**Aim of the task:** If pictures appear in the lines below, skip them and copy exactly the lines from the one containing "Padding on the" through the one containing "84.64 to 85.37", and nothing else.

**Data records:**
========

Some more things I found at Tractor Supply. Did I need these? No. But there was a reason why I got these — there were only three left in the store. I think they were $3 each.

========

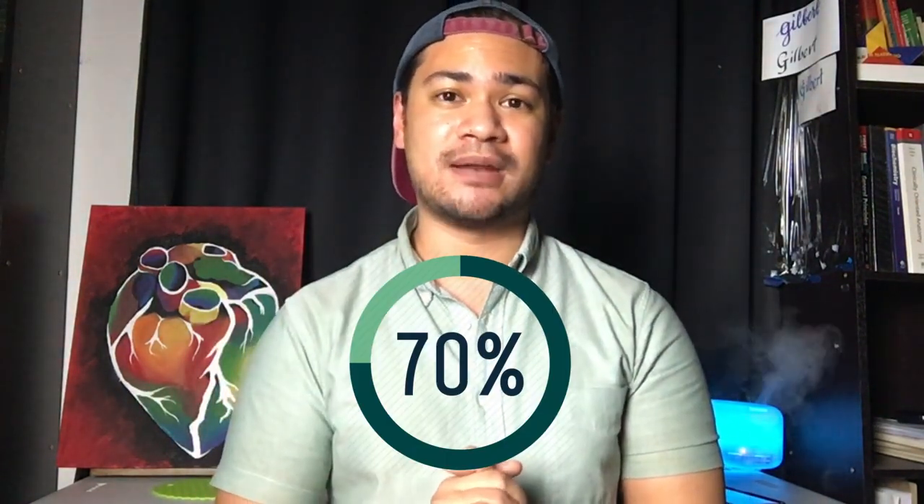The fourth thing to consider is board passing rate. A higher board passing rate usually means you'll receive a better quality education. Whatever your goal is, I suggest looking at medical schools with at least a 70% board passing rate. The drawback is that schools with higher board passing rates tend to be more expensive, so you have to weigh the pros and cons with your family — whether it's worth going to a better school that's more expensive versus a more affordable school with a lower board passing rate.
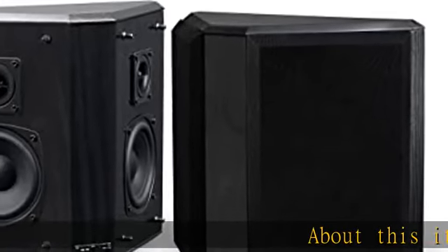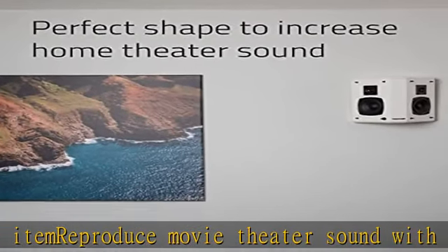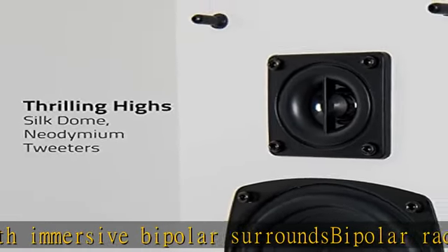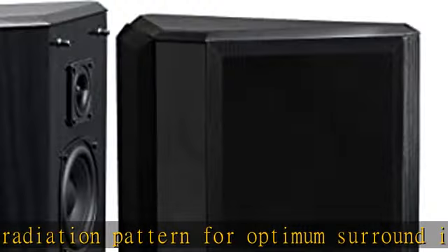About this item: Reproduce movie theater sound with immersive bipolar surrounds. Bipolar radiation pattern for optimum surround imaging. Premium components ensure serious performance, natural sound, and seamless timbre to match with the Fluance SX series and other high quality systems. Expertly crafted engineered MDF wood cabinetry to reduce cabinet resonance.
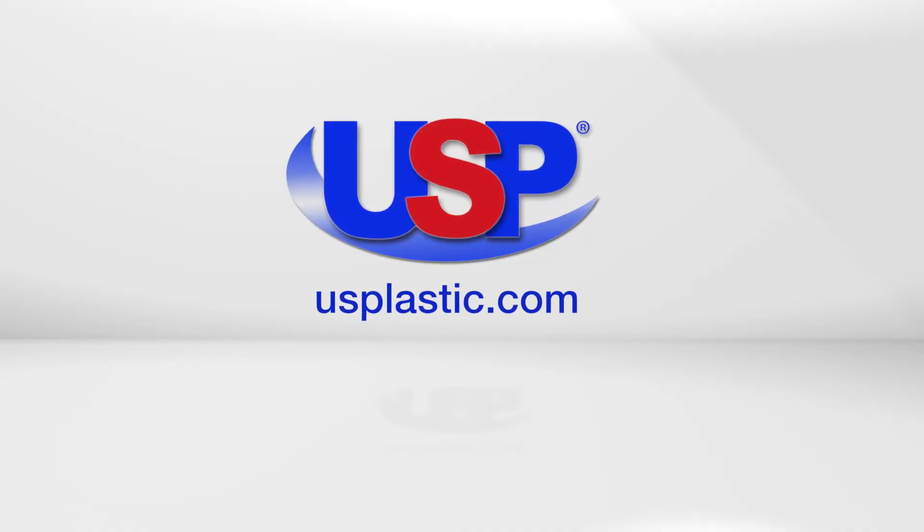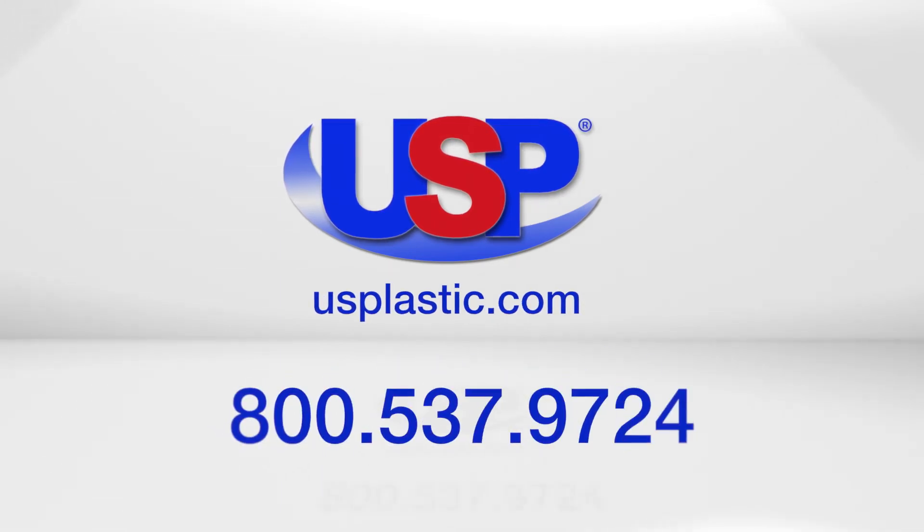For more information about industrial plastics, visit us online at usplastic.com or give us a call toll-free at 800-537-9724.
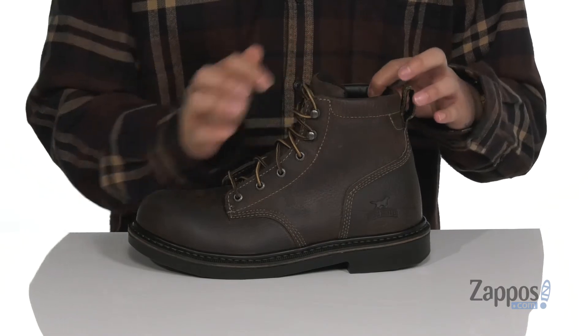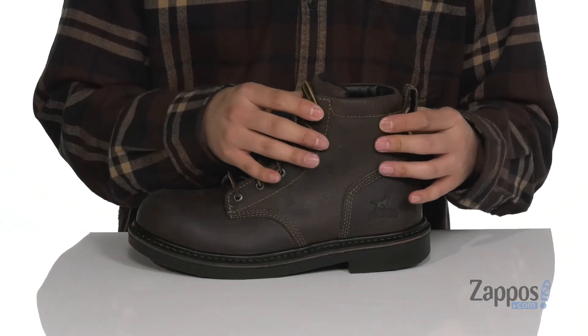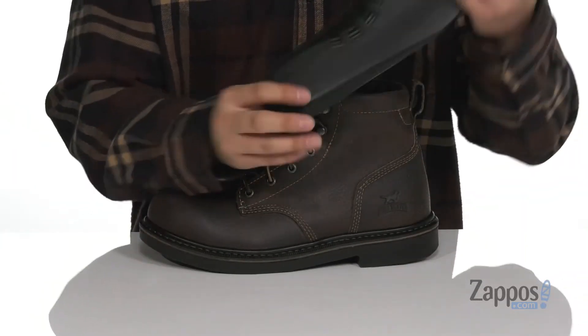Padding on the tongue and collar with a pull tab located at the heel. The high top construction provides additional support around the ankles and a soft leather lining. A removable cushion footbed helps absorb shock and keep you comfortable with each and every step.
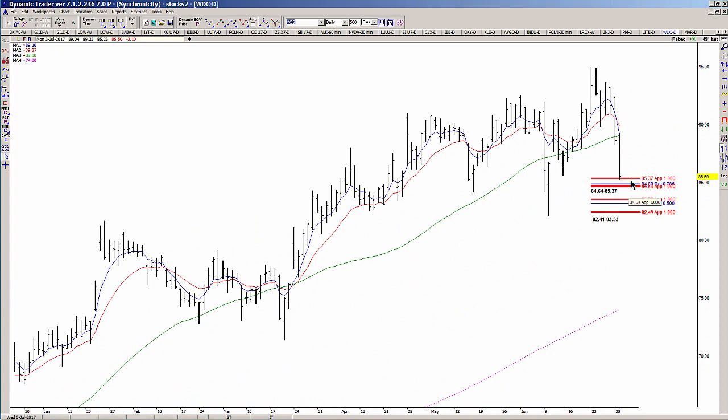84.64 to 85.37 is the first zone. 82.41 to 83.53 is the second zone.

========

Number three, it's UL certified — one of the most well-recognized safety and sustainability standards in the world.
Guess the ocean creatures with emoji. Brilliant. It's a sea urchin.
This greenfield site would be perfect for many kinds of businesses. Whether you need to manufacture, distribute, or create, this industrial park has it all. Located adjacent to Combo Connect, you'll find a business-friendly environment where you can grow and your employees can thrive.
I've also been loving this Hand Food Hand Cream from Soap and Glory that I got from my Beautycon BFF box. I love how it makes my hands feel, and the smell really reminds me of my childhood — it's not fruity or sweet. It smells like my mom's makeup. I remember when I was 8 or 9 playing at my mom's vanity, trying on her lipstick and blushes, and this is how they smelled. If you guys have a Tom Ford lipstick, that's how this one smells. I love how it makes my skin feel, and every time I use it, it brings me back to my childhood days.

========

**Reply:**
Padding on the tongue and collar with a pull tab located at the heel. The high top construction provides additional support around the ankles and a soft leather lining. A removable cushion footbed helps absorb shock and keep you comfortable with each and every step.
84.64 to 85.37 is the first zone. 82.41 to 83.53 is the second zone.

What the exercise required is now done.